Given information:
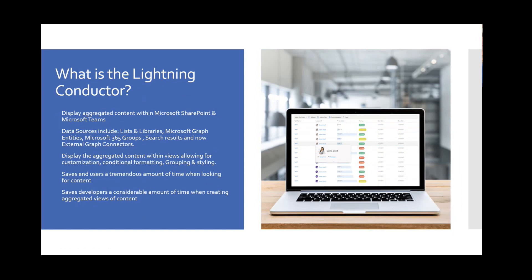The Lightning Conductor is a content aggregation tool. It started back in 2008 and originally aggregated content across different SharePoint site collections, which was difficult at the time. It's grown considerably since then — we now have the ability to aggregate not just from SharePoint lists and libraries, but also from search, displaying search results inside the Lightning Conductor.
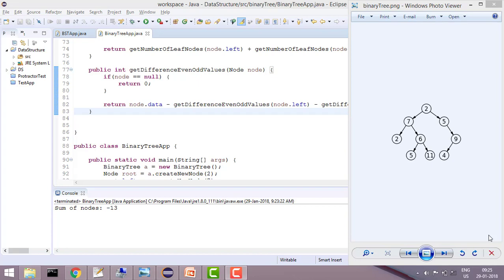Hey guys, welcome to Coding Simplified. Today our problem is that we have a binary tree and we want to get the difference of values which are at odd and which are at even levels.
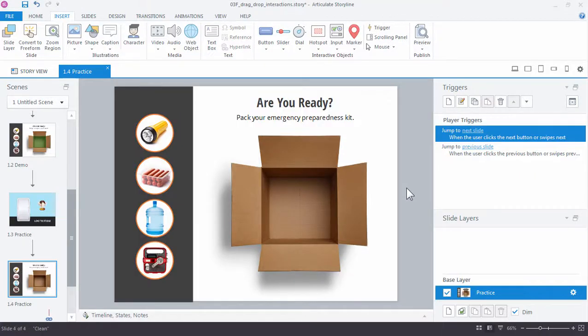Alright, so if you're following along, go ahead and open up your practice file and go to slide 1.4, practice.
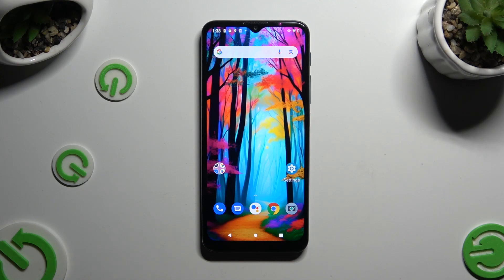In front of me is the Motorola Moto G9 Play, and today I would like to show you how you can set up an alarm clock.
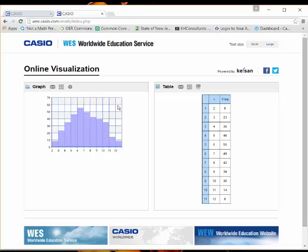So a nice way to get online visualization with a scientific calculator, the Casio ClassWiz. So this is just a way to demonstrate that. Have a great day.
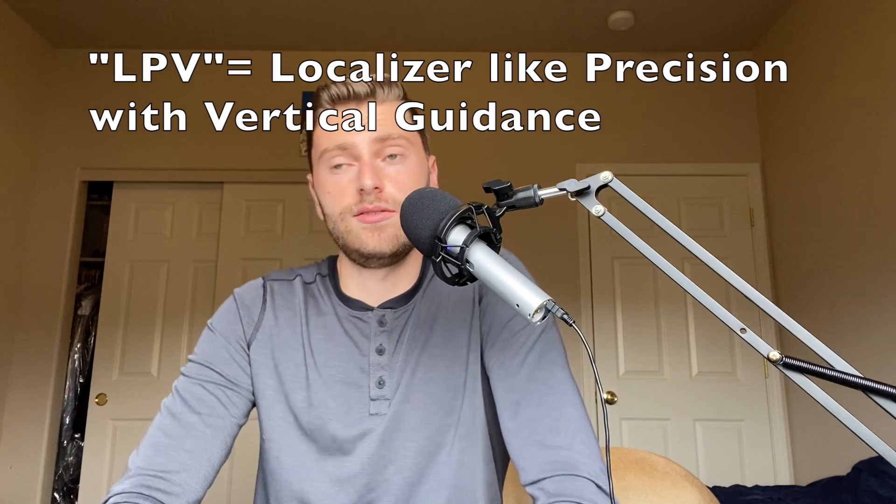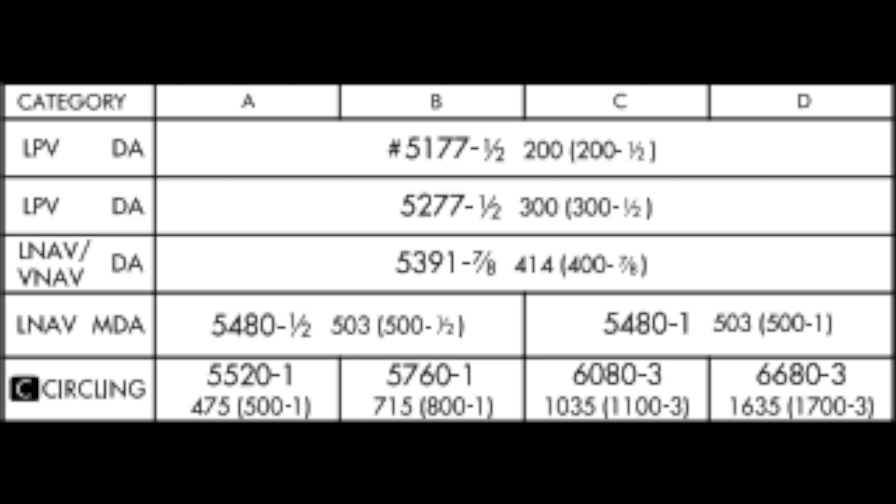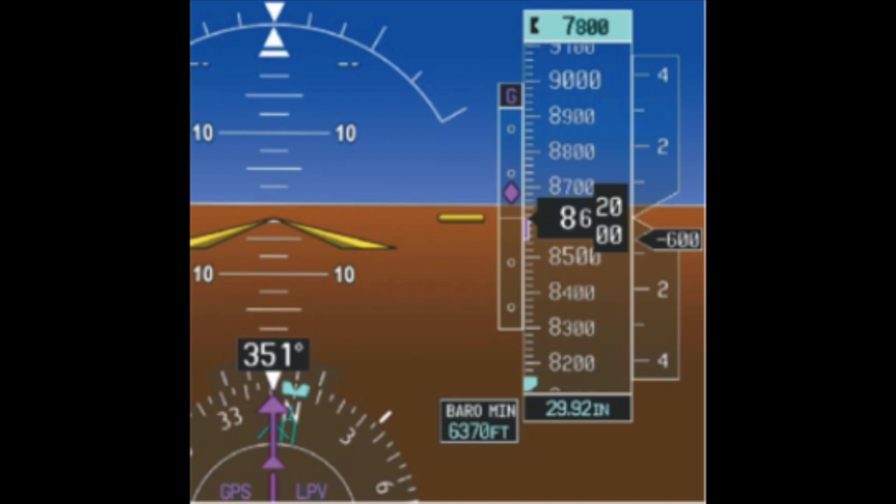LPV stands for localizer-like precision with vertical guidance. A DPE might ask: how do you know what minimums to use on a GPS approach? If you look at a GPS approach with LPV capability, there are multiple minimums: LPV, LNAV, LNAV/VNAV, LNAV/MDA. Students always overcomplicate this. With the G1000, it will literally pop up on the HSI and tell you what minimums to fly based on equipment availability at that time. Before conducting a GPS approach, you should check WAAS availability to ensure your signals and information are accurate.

--

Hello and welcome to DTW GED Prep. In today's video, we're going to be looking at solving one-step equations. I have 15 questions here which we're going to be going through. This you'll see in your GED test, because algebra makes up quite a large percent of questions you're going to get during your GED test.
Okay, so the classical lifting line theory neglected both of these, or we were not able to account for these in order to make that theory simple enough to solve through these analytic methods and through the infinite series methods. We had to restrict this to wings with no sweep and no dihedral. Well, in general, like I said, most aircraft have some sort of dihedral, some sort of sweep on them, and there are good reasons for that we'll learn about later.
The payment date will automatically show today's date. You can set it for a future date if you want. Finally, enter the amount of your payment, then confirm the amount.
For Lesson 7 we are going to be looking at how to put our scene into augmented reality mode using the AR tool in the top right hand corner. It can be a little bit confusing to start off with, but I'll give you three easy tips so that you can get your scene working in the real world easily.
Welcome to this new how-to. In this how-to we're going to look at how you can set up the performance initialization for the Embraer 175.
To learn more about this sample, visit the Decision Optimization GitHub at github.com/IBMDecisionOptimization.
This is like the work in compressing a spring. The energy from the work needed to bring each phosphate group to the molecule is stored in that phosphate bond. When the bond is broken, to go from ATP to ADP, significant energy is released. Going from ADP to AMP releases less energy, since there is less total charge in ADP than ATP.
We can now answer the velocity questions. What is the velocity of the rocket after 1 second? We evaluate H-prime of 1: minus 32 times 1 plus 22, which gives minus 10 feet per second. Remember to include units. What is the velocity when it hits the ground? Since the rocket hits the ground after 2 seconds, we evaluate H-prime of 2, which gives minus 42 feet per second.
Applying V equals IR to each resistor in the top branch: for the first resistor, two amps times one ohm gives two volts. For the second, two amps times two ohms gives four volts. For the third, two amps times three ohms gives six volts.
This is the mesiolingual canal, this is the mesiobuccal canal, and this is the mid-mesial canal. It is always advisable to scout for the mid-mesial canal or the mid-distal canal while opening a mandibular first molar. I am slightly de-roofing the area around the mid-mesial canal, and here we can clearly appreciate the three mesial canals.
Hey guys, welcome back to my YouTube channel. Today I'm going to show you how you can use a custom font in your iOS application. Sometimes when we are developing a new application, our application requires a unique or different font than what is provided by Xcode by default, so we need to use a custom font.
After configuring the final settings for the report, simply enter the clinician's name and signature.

Task item: Count of lines in the data above that contain the string "second": give this number and no other words.

Reply: 2